▸ Task
Below are lines of data, and only some are wanted. Please repeat exactly those from the line that has "Nityers Distributore Automatico" through the line that has "MINIWAN 500 Piece".

▸ Given records

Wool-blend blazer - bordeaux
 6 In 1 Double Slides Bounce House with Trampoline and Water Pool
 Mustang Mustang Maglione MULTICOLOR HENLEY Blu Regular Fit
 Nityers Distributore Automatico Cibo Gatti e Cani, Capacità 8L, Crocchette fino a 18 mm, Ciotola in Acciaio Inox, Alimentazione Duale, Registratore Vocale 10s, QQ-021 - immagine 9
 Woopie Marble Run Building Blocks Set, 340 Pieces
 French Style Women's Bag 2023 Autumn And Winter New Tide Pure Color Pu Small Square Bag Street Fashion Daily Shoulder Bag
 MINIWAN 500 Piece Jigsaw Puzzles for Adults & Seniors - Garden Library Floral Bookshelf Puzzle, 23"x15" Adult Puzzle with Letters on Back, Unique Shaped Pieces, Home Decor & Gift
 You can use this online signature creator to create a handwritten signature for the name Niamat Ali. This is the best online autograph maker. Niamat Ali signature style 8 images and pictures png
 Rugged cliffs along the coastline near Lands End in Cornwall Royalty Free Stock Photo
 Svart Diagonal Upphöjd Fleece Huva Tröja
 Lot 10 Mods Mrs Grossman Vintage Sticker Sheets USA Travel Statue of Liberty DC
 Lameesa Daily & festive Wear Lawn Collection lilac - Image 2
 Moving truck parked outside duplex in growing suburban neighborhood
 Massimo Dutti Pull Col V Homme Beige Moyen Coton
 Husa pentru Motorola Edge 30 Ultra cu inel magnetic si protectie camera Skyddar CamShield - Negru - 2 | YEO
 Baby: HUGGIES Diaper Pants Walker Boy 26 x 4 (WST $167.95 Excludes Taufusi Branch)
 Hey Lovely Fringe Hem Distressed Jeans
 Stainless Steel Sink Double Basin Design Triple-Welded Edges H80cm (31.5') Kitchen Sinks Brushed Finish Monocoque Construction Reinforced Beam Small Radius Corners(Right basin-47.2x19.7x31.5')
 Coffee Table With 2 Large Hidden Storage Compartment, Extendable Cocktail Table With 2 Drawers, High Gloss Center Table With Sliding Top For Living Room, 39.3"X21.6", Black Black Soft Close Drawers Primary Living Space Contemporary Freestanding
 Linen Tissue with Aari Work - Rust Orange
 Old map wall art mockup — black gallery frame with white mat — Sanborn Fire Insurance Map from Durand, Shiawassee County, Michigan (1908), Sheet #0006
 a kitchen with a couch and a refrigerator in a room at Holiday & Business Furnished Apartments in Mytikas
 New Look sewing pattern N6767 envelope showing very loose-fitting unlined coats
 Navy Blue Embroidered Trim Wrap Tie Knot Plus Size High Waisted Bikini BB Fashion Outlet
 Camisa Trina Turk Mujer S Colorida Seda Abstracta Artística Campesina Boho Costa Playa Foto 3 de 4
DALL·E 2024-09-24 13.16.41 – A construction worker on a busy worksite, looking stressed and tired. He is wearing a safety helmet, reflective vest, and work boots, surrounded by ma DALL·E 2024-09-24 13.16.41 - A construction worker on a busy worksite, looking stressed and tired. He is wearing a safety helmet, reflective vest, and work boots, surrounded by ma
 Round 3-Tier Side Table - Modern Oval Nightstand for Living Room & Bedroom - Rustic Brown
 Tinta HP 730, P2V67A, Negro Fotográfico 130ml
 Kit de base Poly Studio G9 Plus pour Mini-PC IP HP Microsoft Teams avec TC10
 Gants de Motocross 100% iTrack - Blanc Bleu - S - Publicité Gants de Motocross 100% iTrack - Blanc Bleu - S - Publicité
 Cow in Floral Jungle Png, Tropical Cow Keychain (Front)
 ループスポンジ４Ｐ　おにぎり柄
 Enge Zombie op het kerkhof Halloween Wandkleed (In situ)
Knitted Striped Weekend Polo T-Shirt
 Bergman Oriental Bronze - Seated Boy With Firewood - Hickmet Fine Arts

▸ Solution for this exercise
 Nityers Distributore Automatico Cibo Gatti e Cani, Capacità 8L, Crocchette fino a 18 mm, Ciotola in Acciaio Inox, Alimentazione Duale, Registratore Vocale 10s, QQ-021 - immagine 9
 Woopie Marble Run Building Blocks Set, 340 Pieces
 French Style Women's Bag 2023 Autumn And Winter New Tide Pure Color Pu Small Square Bag Street Fashion Daily Shoulder Bag
 MINIWAN 500 Piece Jigsaw Puzzles for Adults & Seniors - Garden Library Floral Bookshelf Puzzle, 23"x15" Adult Puzzle with Letters on Back, Unique Shaped Pieces, Home Decor & Gift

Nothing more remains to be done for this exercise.